Washington and Seoul have reached tentative agreement on cost-sharing for the U.S. military presence in South Korea. The deal, known as the Special Measures Agreement (SMA), will increase South Korea’s contribution for the nearly 30,000 troops stationed there. The agreement is good news for regional security: There was concern that U.S. President Donald Trump might use failure to reach a deal as an excuse to withdraw those forces. The White House is clearly committed to increasing host-nation support. Japan must be ready for similar U.S. demands when Tokyo commences its own negotiations with Washington next year.
Seoul has paid about $800 million annually to support the 28,500 U.S. troops stationed on the peninsula to defend South Korea and deter North Korea. Trump has long charged U.S. allies with exploiting Washington — free- or cheap-riding on its alliances and forward-deployed forces. He has threatened to bring those forces home if those governments do not pay a larger share of the cost of their presence, and reportedly asked top advisers about the possibility of withdrawing U.S. forces from South Korea. Former Defense Secretary Jim Mattis pushed back vigorously against the idea; it is not clear what the current national security leadership thinks. The president recently said that he has “no plans” to withdraw U.S. troops from South Korea but added that “maybe someday” he would.
The previous SMA, which was in effect for five years (as most are), expired at the end of 2018. Trump wanted South Korea to double its contribution, to $1.6 billion. While South Koreans understand and appreciate the value of the U.S. presence, that support is not without limit. The government of President Moon Jae-in is left-leaning; some of his supporters would be happy to see the U.S. forces go home.
The recent agreement would increase the South Korean payment to just under $1 billion, the number that was reportedly a red line for Seoul. It is not certain if Trump will accept the deal. Rejection would be a public and humiliating repudiation of both his negotiators and a vital ally.
The new SMA is a one-year agreement. That means that the two governments will repeat the exercise soon; that is not a pleasant prospect given how bruising the last round of negotiations were. That short time frame also raises fears that Trump might use the U.S. troop presence as a bargaining chip in his meeting with North Korean leader Kim Jong Un later this month in Vietnam. At his last summit with Kim, Trump suspended U.S.-South Korea bilateral military exercises on an apparent whim. Steve Biegun, the U.S. special representative on North Korea, has said there have been no discussions with North Korea about any withdrawal of U.S. troops. At the same time, however, Biegun said the United States is “prepared to discuss many actions that could help build trust” between Washington and Pyongyang.
The prospect of another rash move by Trump moved U.S. lawmakers last year to insert a provision into the National Defense Authorization Act that would require the president to get certification from the secretary of defense before he could reduce the number of U.S. troops in South Korea to below 22,000.

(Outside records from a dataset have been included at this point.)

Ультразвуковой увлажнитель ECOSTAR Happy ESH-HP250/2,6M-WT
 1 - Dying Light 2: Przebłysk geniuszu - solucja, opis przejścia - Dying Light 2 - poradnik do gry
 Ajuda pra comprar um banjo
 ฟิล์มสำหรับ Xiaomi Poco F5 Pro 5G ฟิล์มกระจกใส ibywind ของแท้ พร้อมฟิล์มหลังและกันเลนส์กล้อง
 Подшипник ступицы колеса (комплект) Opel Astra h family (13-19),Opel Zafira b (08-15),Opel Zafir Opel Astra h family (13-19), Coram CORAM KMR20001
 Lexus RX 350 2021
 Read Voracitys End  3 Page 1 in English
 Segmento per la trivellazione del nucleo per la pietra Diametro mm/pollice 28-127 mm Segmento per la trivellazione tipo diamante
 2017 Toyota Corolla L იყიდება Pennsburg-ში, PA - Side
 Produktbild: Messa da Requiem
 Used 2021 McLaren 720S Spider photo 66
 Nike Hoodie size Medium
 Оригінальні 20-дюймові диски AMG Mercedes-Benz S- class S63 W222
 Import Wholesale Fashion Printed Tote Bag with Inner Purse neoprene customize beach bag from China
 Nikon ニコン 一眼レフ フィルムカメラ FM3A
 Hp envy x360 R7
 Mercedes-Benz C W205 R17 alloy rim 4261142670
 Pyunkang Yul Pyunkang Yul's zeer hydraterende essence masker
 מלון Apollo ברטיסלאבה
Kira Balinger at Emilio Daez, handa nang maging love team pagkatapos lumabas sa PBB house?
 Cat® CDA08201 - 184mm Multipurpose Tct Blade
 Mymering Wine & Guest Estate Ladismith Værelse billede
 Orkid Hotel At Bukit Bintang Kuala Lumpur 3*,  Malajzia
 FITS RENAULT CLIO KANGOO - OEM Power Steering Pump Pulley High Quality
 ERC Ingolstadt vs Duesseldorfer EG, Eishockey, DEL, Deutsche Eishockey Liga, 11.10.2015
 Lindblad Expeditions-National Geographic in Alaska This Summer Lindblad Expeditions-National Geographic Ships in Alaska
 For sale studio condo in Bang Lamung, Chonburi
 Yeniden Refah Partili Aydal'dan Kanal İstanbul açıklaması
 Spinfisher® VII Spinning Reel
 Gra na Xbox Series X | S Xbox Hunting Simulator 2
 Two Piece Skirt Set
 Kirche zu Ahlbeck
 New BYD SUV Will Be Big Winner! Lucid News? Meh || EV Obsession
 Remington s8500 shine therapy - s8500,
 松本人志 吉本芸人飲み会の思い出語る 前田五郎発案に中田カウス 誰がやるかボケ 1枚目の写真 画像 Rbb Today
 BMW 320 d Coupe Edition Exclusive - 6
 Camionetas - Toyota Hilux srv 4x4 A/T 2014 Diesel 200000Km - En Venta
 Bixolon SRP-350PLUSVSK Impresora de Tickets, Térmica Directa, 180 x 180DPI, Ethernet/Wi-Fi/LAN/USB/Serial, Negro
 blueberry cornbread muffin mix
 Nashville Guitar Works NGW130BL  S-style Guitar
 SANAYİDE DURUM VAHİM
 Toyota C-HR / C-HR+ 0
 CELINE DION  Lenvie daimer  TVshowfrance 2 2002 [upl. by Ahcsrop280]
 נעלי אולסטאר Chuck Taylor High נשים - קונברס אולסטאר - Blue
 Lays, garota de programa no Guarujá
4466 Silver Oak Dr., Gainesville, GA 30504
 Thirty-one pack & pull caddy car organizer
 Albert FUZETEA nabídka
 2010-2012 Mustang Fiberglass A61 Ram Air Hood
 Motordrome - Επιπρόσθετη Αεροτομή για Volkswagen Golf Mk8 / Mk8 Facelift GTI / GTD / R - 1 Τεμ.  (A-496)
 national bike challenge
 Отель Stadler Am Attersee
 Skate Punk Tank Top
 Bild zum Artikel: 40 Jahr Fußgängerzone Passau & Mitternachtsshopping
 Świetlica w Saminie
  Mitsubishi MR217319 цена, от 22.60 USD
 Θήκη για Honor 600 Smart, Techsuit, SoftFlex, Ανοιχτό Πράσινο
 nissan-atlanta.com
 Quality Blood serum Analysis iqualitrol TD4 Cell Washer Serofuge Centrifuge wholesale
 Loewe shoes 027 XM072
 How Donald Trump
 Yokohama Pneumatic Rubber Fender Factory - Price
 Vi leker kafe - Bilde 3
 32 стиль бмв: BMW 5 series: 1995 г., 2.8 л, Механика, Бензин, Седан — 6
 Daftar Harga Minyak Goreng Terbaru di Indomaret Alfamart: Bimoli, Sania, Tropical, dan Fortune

Japanese security planners are pleased to see a new agreement. The stunning developments last year — the Singapore summit between Trump and Kim and the decision to suspend exercises — hammered home the importance of the Korean Peninsula to Japan’s own security. Strategists and officials repeat that Japan and the peninsula are a single operational theater; the two countries’ security is deeply integrated. The flow of personnel and materiel through Japan in the event of a conflict makes this country essential to the defense of South Korea. A strong, stable and credible U.S.-South Korea alliance is critical to Japan’s peace and stability.
The Japanese government must be concerned by the precedent set in the U.S.-South Korea negotiations. Japan’s host-nation support agreement expires in 2021. Negotiations on the next package will begin late this year and while Tokyo spends considerably more than Seoul on U.S. forces — about $1.6 billion annually — Trump has made clear that he wants more from all allies. Japan is also shouldering the cost of building a new base for U.S. Marines in Okinawa, which makes a substantial increase in its payments a nonstarter.
Tokyo should not hesitate to remind Washington that the U.S. military presence here is not just for Japan’s benefit, and matters greatly to U.S. power and influence in the region. This is, after all, an alliance, and like the one with South Korea, both partners gain significantly from their partnership.